#### WHAT THE TASK ASKS
All lines in the records below from the line with "Boligrafo kroos ROJO front" through the line with "Gomme usate termiche" are to be given again exactly, both ends included; the pictures are to be left out.

Top of SOURCE RECORDS

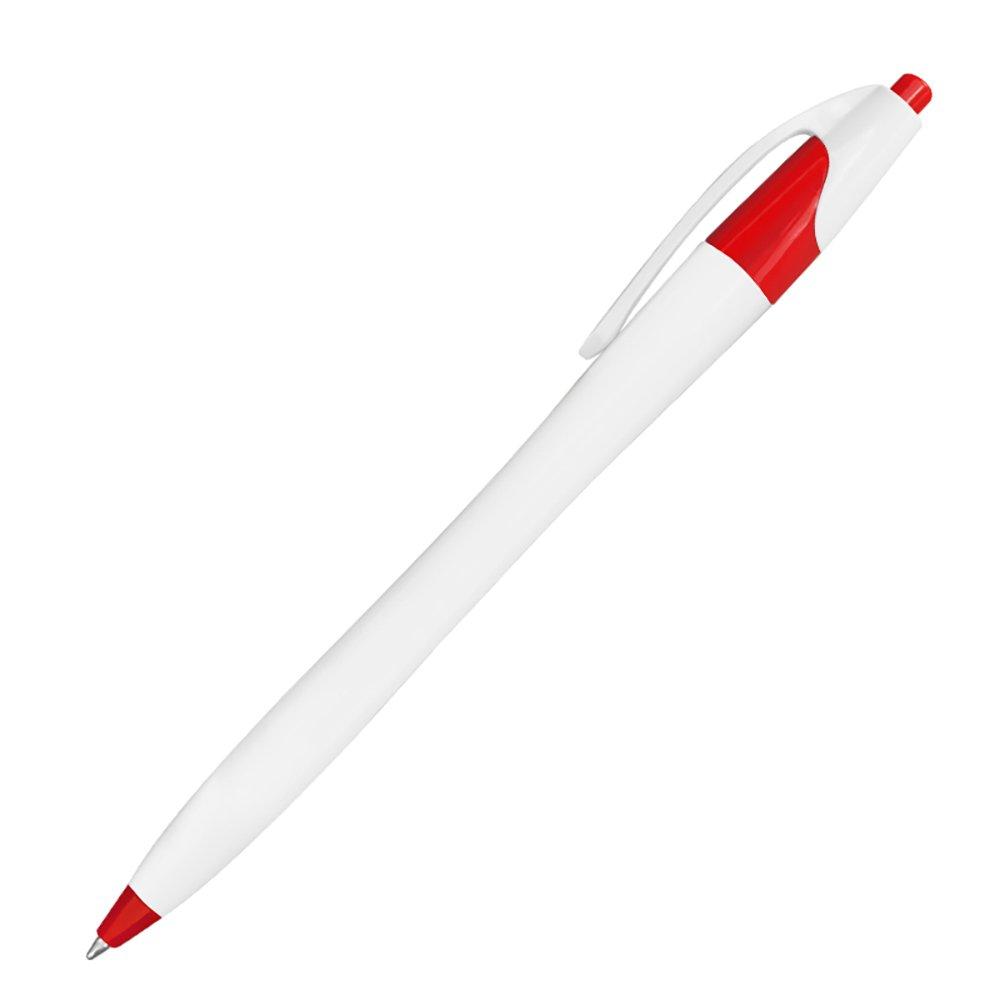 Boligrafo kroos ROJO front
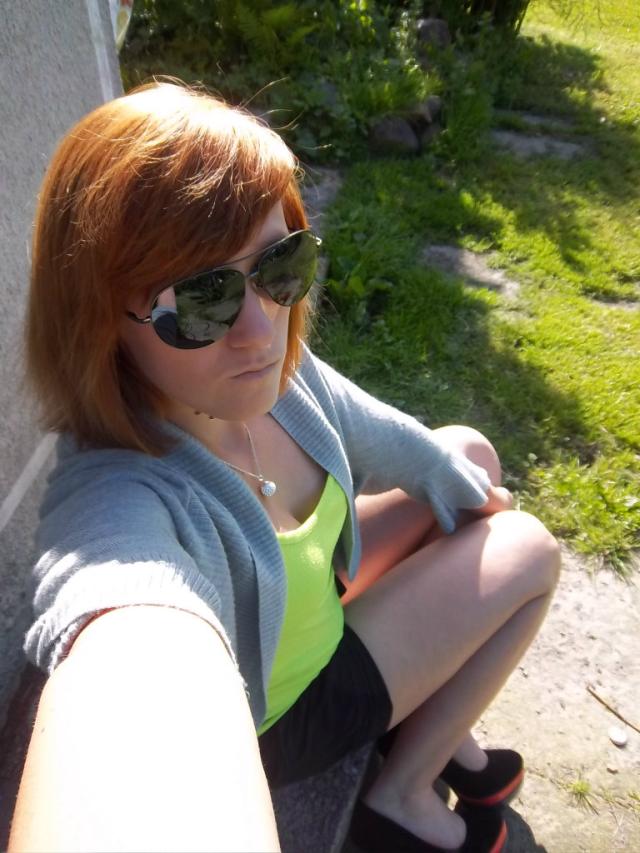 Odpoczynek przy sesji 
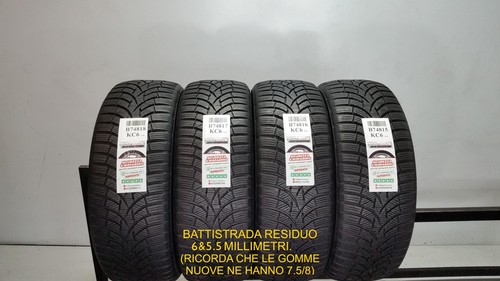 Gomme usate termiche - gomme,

Bottom of SOURCE RECORDS
Top of SOURCE RECORDS

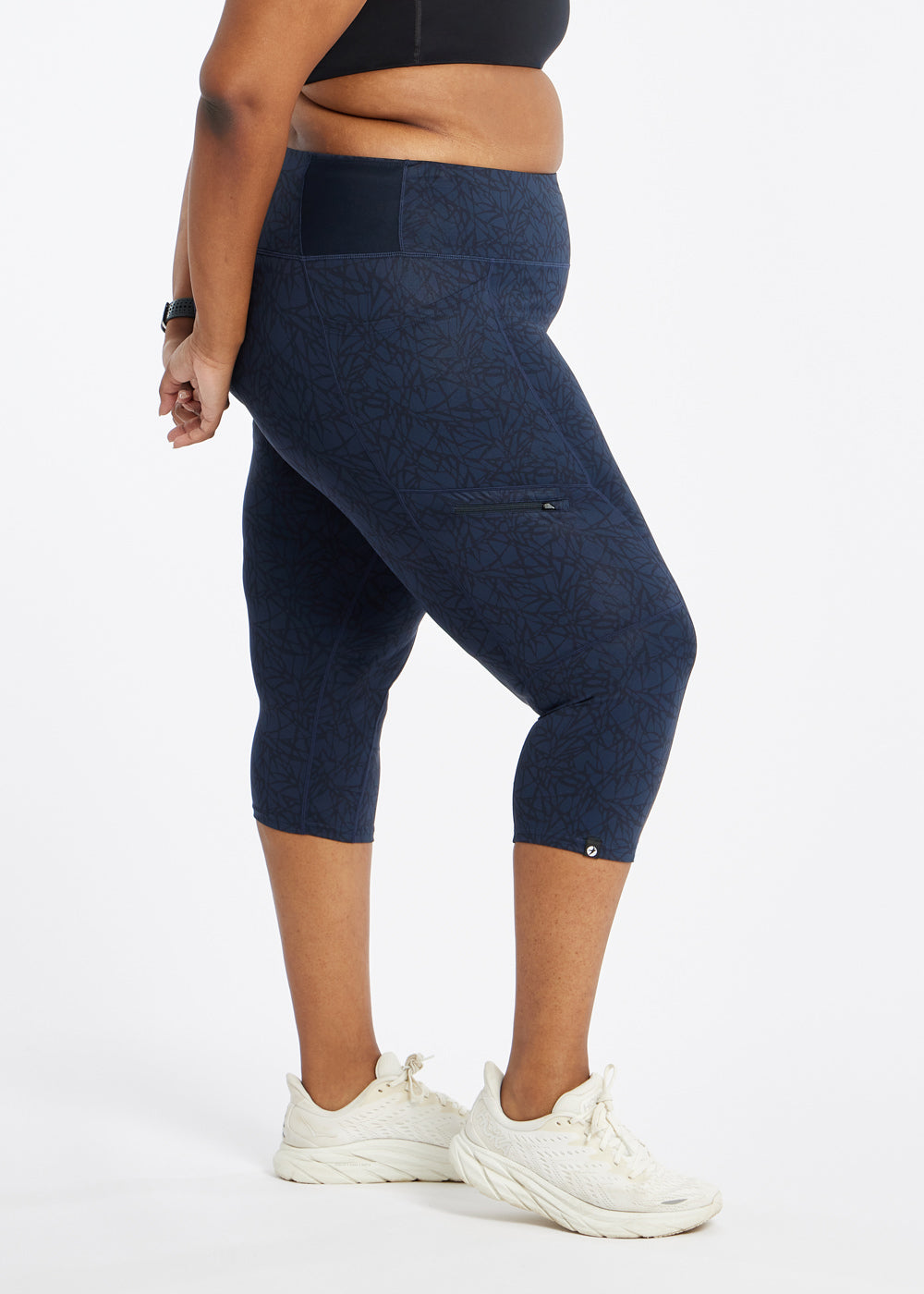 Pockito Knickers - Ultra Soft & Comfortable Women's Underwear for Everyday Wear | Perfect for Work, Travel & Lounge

Bottom of SOURCE RECORDS
Top of SOURCE RECORDS

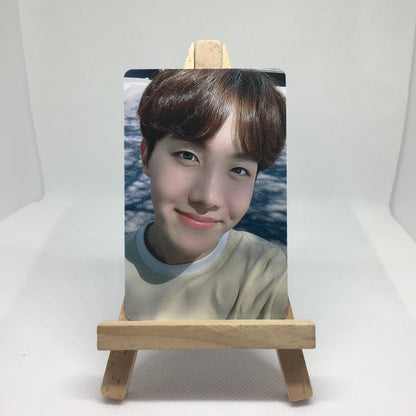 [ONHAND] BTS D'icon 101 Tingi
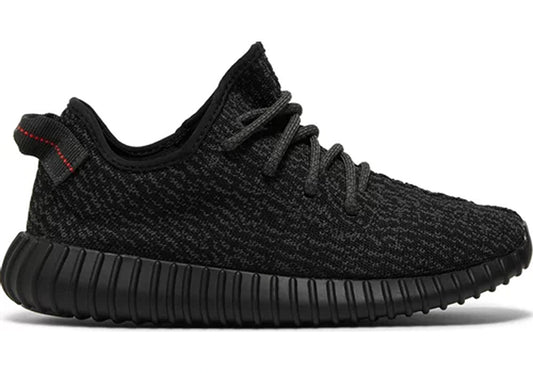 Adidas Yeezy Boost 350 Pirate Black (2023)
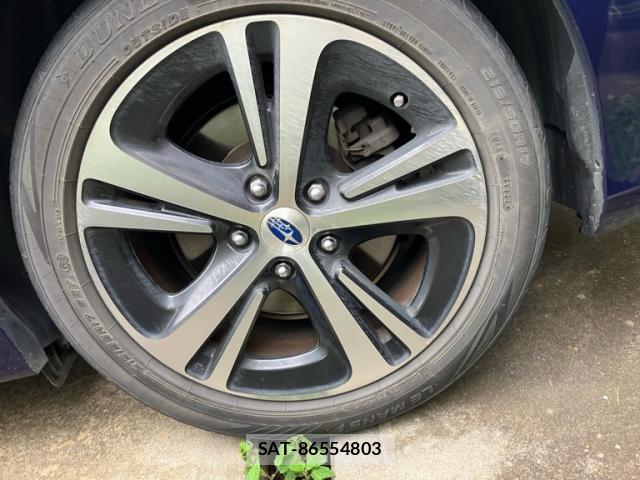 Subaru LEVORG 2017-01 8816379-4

Bottom of SOURCE RECORDS

#### COMPLETED TASK
 Boligrafo kroos ROJO front
 Odpoczynek przy sesji 
 Gomme usate termiche - gomme,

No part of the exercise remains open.